Без четверти три примерно послышался шум внутри дома. Я тотчас изменил позу. Дверь распахнулась, и оттуда вышел, шатаясь, дон Хуан. Он держался за горло и хватал ртом воздух. Склонился на колени передо мной и застонал. Тонким жалобным голосом он попросил подойти и помочь ему. Затем он опять заорал, требуя, чтобы я подошел. Голос у него стал гортанным. Он умолял меня подойти и помочь — что-то его душило. Пополз на четвереньках, пока не оказался чуть ли не в полутора метрах от меня. Протянул ко мне руки и сказал: «Иди сюда!» Потом он поднялся. Его руки тянулись ко мне. Он, казалось, готов был схватить меня. Я ударил ногой о землю и захлопал по икре и ляжке. Я был вне себя от страха.
Вдруг остановившись, он направился к углу дома и дальше в кусты. Я переменил положение, чтобы быть к нему лицом. Затем вновь уселся. Петь больше не хотелось. Казалось, вся моя энергия истощилась. Тело болело. Все мускулы были напряжены и болезненно зажаты. Я не знал, что и думать. Не мог решить, сердиться мне на дона Хуана или нет. Уже всерьез подумывал наброситься на него, но каким-то образом знал, что он смахнет меня как букашку. Я действительно хотел закричать. Отчаяние мое достигло предела — от мысли, что дон Хуан собирается все время пугать меня, я был готов зарыдать. Не было ведь никакой причины для этой актерской показухи; но его движения были столь искусны, что я совсем спутался. Не то чтобы он пытался двигаться как женщина, а наоборот — это было так, как если бы женщина пыталась двигаться как дон Хуан. Создавалось впечатление, что она по-настоящему пытается ходить и двигаться с осознанностью дона Хуана, но слишком тяжела для этого и не обладает его проворством. Кто бы ни был передо мной, выходило, как будто молодая мощная женщина пытается имитировать мягкие движения легкого и скорого старика.
Эти размышления довели меня до состояния паники. Громко, очень близко от меня, затрещал сверчок. Я отметил богатство его тона; пожалуй, у него был баритон. Звук начал затихать. Внезапно дрожь пробудила все мое тело. Я принял боевое положение и обратился лицом туда, где только что звучал сверчок. Звук утягивал меня; он начал захватывать меня еще до того, как я понял, что это было лишь подобием треска сверчка. Звук вновь приблизился. И стал ужасно громким. Я запел свою пейотную песню — все громче и громче. Внезапно сверчок замолк. Я тотчас же уселся, но продолжал петь. Секунду спустя я увидел фигуру человека, бегущего по направлению ко мне со стороны, противоположной той, откуда слышался сверчок. Я начал хлопать по ноге и неистово топать пяткой. Фигура быстро пронеслась мимо, почти меня коснувшись. Что-то вроде собаки. Страх обуял меня — и такой силы, что я оцепенел. Что я еще в тот момент чувствовал или думал, вспомнить уже невозможно.

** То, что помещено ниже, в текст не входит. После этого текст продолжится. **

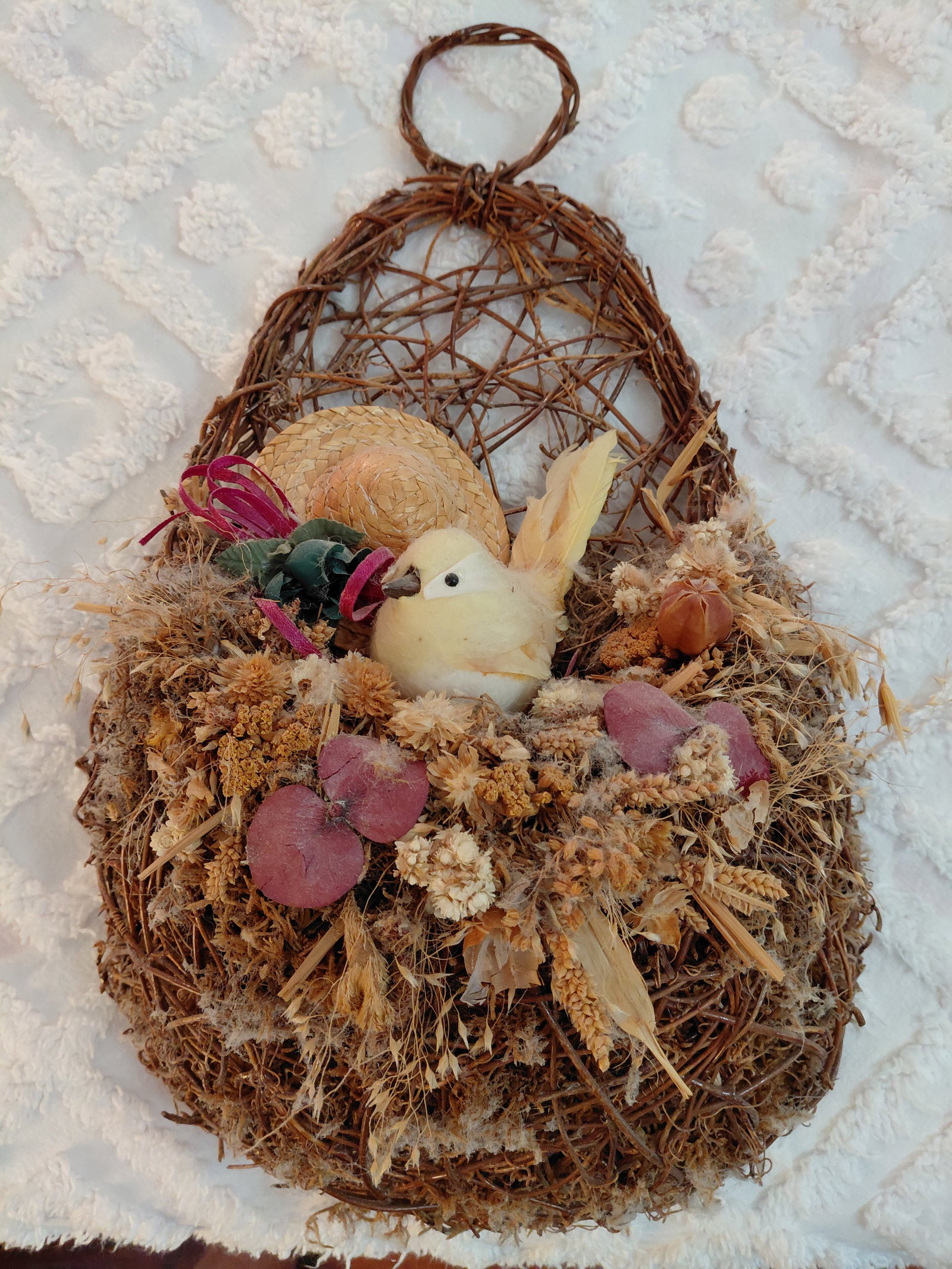 Lot of Embroidery and Crouchette / As seen: Lot of Embroidery and Crouchette / As seen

С утренней свежестью я почувствовал себя лучше. Чем бы ни было происшедшее, оно, видимо, уже закончилось. В 5.48 утра дверь открылась, и дон Хуан спокойно вышел на веранду. Он потянулся, зевнул и посмотрел на меня. Потом сделал два шага по направлению ко мне, продолжая зевать. Я увидел его глаза, глядящие из полуприкрытых век. И вскочил. Я знал тогда, что, кто бы это ни был (или что бы это ни было), это не дон Хуан.

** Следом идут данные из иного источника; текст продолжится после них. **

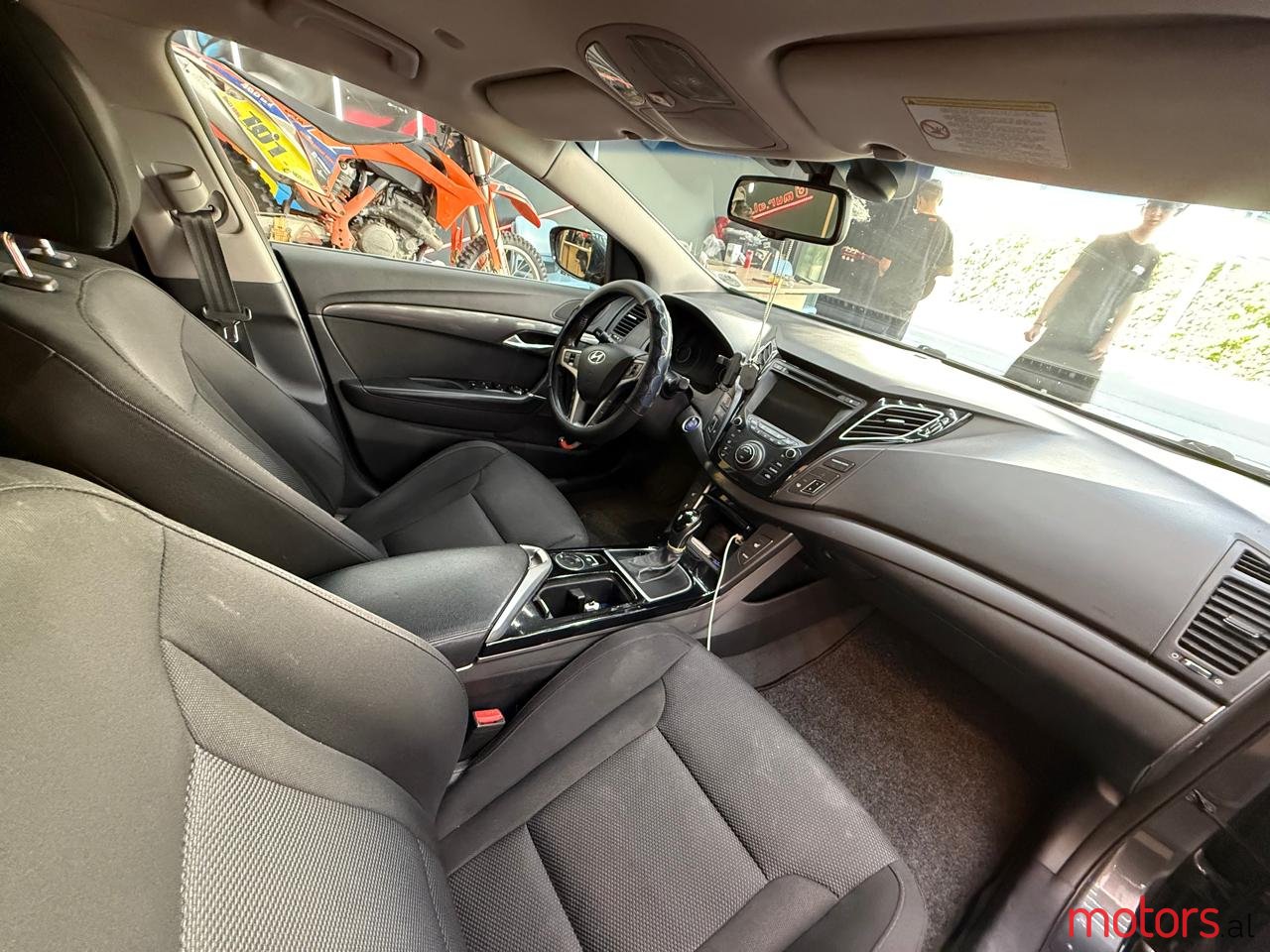 2012' Hyundai i40 photo #6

Я схватил небольшой угловатый камень с земли, который как раз оказался под моей правой рукой, и, даже не взглянув на него, прижал большим пальцем к вытянутым остальным пальцам. Получилась та форма, которой научил меня дон Хуан. Странная сила наполнила меня за считанные секунды. А затем я завопил и швырнул камень в него. Думаю, что это был великолепный выкрик. В тот момент мне не было дела, жив я или мертв, — я сознавал, что крик был ужасен по своей силе. Он был пронзительным и протяжным, и он в самом деле направил мою руку. Фигура передо мной закачалась, взвизгнула и проковыляла в сторону от дома и опять в кусты.

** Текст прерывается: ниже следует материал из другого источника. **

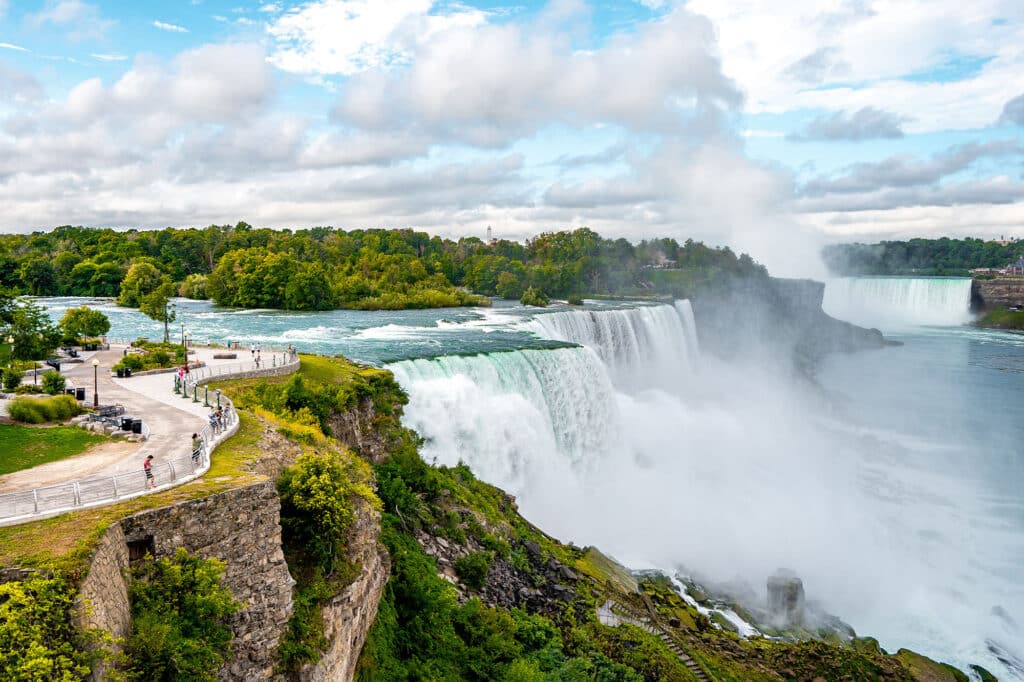 Niagarafälle auf der US-Seite bei klarem Morgenhimmel, Buffalo, USA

Потребовалось несколько часов, чтобы успокоиться. Сидеть я больше не мог. И продолжал топтаться на том же самом месте. Мне пришлось дышать через рот, чтобы захватывать достаточно воздуха.
В 11 часов утра дон Хуан вышел вновь. Я собирался вскочить — но движения были его движениями. Он прошел прямо к своему месту и уселся в своей обычной, такой знакомой позе.
Взглянул на меня и улыбнулся. Это был дон Хуан! Я подошел к нему и вместо того, чтобы разозлиться, поцеловал его руку. Я действительно верил, что не он создавал нынешний драматический эффект, — что кто-то, подражая ему, хотел причинить мне вред или даже убить.
Разговор начался с рассуждений о том, кто та женщина, которая, по нашим предположениям, захватила мою душу. Дон Хуан попросил меня рассказать ему все детали моего опыта.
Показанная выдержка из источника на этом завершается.